__GIVEN MATERIAL__
::::

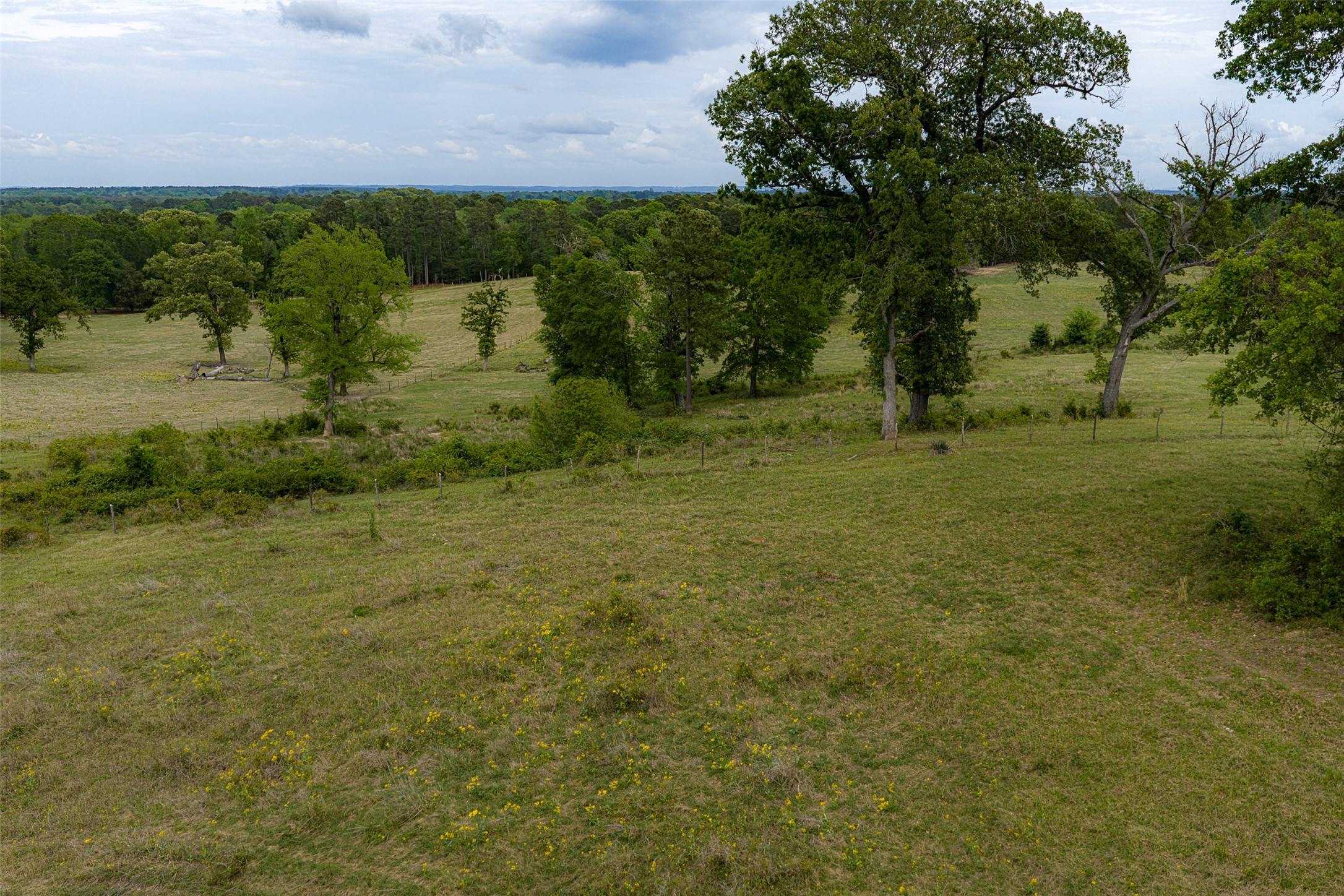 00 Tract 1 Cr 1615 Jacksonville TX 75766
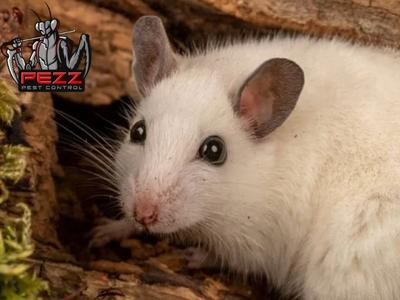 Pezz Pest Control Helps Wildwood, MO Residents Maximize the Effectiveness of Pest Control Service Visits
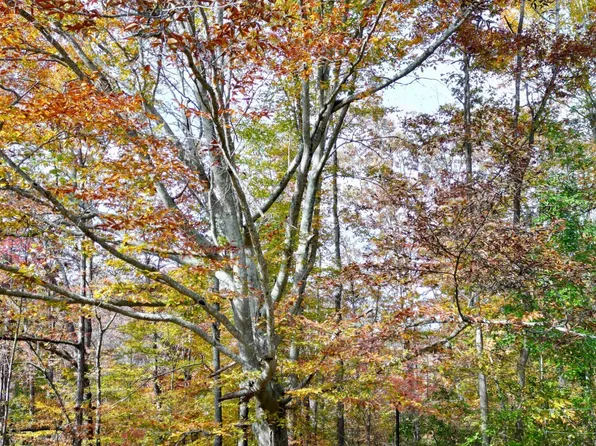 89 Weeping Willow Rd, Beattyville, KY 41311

::::

__PROBLEM TO WORK ON__
All of the data must be repeated exactly, except for the pictures.

__OUTPUT OF THE EXERCISE__
 00 Tract 1 Cr 1615 Jacksonville TX 75766
 Pezz Pest Control Helps Wildwood, MO Residents Maximize the Effectiveness of Pest Control Service Visits
 89 Weeping Willow Rd, Beattyville, KY 41311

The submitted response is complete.